▶ [TASK]
Of all the entries below, only the lines from the one with "BILLIONAIRE BOYS CLUB" up to and including the one with "Mercedes GLC Facelift 2019 - Bild 17" are to be duplicated exactly.

▶ [DATA PROVIDED]
((
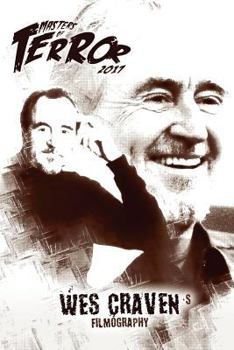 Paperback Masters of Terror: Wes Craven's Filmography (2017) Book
))
((
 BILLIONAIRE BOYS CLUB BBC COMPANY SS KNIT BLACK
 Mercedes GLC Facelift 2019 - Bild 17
))
((
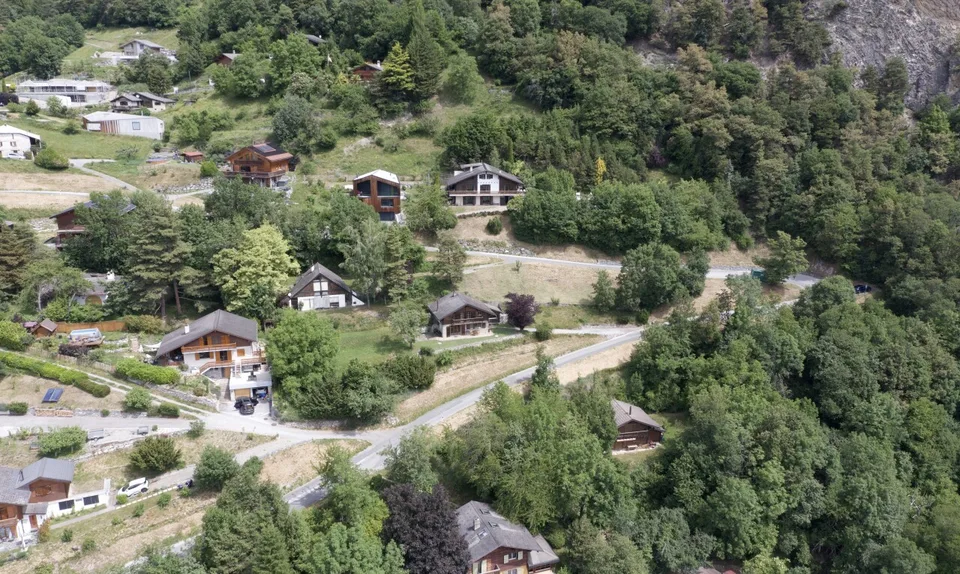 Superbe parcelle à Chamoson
))
▶ [ANSWER FOR THE TASK]
 BILLIONAIRE BOYS CLUB BBC COMPANY SS KNIT BLACK
 Mercedes GLC Facelift 2019 - Bild 17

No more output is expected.